THE LATEST U.S. UNEMPLOYMENT STATISTICS

This table gives the latest U.S. unempoyment statistics in the rightmost column. Note that for those without a High School diploma the unemployment rate is 8.1% and that unemployment drops with each level of education so that those with a degree of some sort have an unemployment rate of only 2.7%.

The conventional interpretation of these statistics would be that education enhances your employability. What I think the results show, however, is quite the opposite. It shows that the amount of education you get under the present system makes remarkably little difference to your employability. If the current U.S. educational system was of much practical use, being without even a High School diploma should be a big handicap. Since 91.1% of those without such a diploma do in fact get a job, why even bother with High School, let alone a degree? Why not just start work six years earlier and acquire money instead of debts? Clearly, there are many more important factors than education in determining who gets a job. I am sure I don't need to name the factors concerned. The obvious retort to what I have just said is that college graduates get higher-paying jobs but, on Berg's figures, the total pay-difference is still negligible over a lifetime. Poorly paid graduates and well paid truck-drivers are, after all, hardly news.

Sorry to be so cynical.




KNOWLEDGE NO LONGER ESSENTIAL

I have just put online an article written over 30 years ago which might as well have been written yesterday. It offers a critique of the Leftist educational theories and practices that still plague our schools today. Excerpt:

l. Over the last few decades, wrong methods and the abandonment of scholarship as the main aim of education had destroyed the value of much of our schooling, and produced a crisis of 'non-education' in our schools.

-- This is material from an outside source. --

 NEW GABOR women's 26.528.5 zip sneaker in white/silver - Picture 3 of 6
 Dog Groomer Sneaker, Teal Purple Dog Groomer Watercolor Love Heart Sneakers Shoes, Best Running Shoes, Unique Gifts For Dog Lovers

2. The New Education, with its rejection of the basic disciplines in favour of sociologically 'relevant' topics on the one hand, and individual juvenile 'creativity' on the other hand, would deal the deathblow to education.

3. The New Education with its inherent tendency to place contentious social issues (and suggested solutions) before uneducated minds, had opened the way for indoctrination of our children and the consequent subversion of democracy.

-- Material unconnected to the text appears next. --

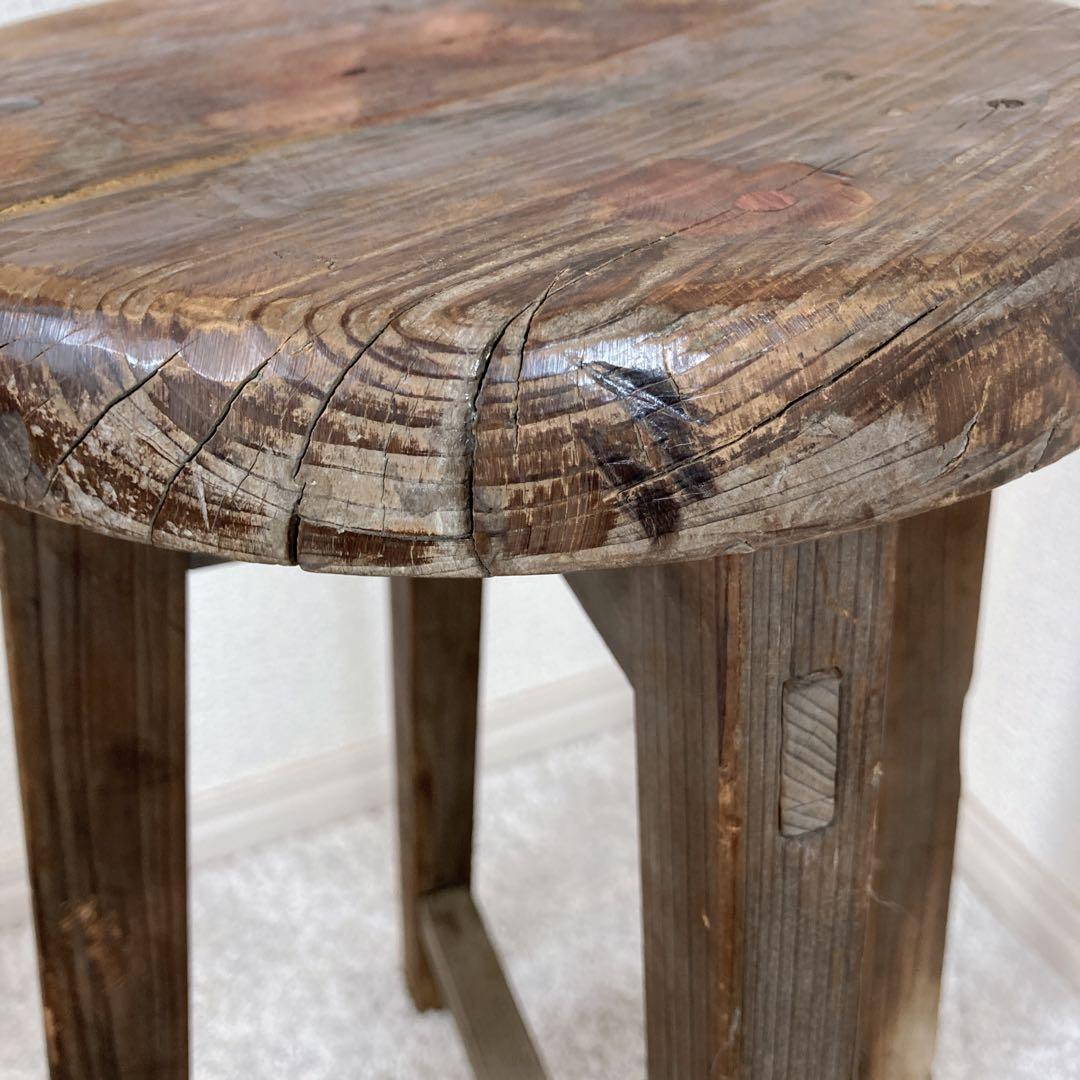 レトロ家具　丸椅子　木製スツール　古道具　古家具　昭和レトロ　飾台　アンティーク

4. That whatever we may think of 3, our present educational system, having abandoned syllabuses, inspection and examination, left our children entirely at the mercy of individual teachers who might or might not be worthy of their charge. This point is irrefutable, and alone would warrant action at government level.

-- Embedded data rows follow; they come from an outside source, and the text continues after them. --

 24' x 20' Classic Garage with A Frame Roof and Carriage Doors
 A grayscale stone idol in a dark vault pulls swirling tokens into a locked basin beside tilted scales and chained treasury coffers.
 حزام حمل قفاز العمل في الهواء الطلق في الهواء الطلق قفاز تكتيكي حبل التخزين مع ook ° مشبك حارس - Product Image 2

Criticism of my article has mainly consisted, apart from personal attacks, of loose restatements of the case for the New Education emphasising its 'relevance' in our modern world. I am accused of being in an ivory tower because I believe that children should have a store of basic knowledge before they deal with 'relevant' subjects. Colleagues and I, and most parents and teachers, do not accept the theoretical case for the New Education, and are dismayed at the results of its practical application. In particular, we believe that the sense of frustration among so many of our school-children comes precisely from the failure of modern schooling to provide them with basic knowledge within recognised disciplines.